Hacker News new | ask | show | jobs
by jplehmann 5197 days ago
http://coursera.org is creating some fantastic, free educational videos (algorithms, machine learning, natural language processing, SaaS).

This script allows one to batch download videos for a Coursera class. Given a class name and related cookie file, it scrapes the course listing page to get the week and class names, and then downloads the related videos into appropriately named files and directories.

Why is this helpful? Before I was using wget, but I had the following problems:

  1. Video names have a number in them, but this does not correspond to the
     actual order.  Manually renaming them is a pain.
  2. Using names from the syllabus page provides more informative names.
  3. Using a wget in a forloop picks up extra videos which are not posted/linked,
     and these are sometimes duplicates.
Naming is intentionally verbose, so that it will display and sort properly using MX Video on my Andriod phone.

Inspired in part by youtube-dl (http://rg3.github.com/youtube-dl) by which I've downloaded many other good videos such those from Khan Academy.
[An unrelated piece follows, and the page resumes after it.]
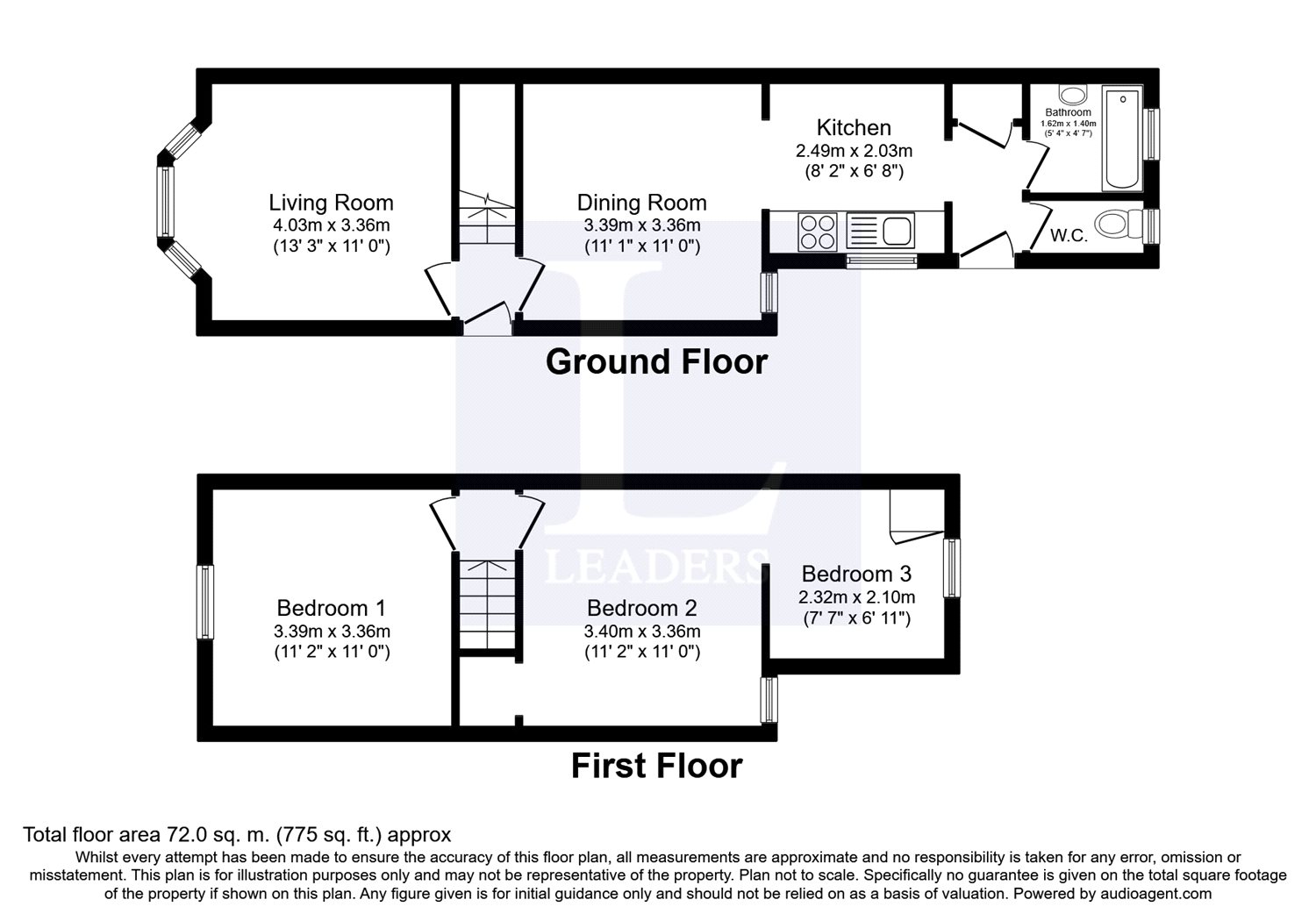 3 Bedrooms Semi-detached house for sale in Eastnor Road, Reigate, Surrey RH2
Let me know if you like it.

1 comments

Awesome! I was actually planning on writing such a script over the weekend. I haven't take a look at this semester's courses, but I know last semester the quizzes and tests were quite useful for someone with no previous practice in the subject at hand. I can see your script doesn't try to get all that right?

In that case i'll still have a weekend project.

In the NLP class there are programming assignments with special formatting, headers, etc. I kind of want to write a script that uses NLP to snag NLP's programming instruction pages (as well as example code, etc.) Seems like that would be fun to do.
But in that case wouldn't you be looking to get the essence, the plain text useful stuff of an HTML document, in which case wouldn't parsing using regular expressionism or something be better than NLP? I haven't really done scraping and parsing of documents/text so I'm not too sure.
It's possible yeah, though I like the formatting and highlighting and borders etc, it groups the different sections of the instructions together.

I see what you mean though, it's not really full NLP either way, I just used that term in place of regular expressions because it was in the NLP class that I learned about them (first homework is a phone and email scraper.) Probably my fault for using semantics wrong.

Only support for videos right now.
Update -- now downloads all lecture materials on the videos page (pptx, pdf, etc).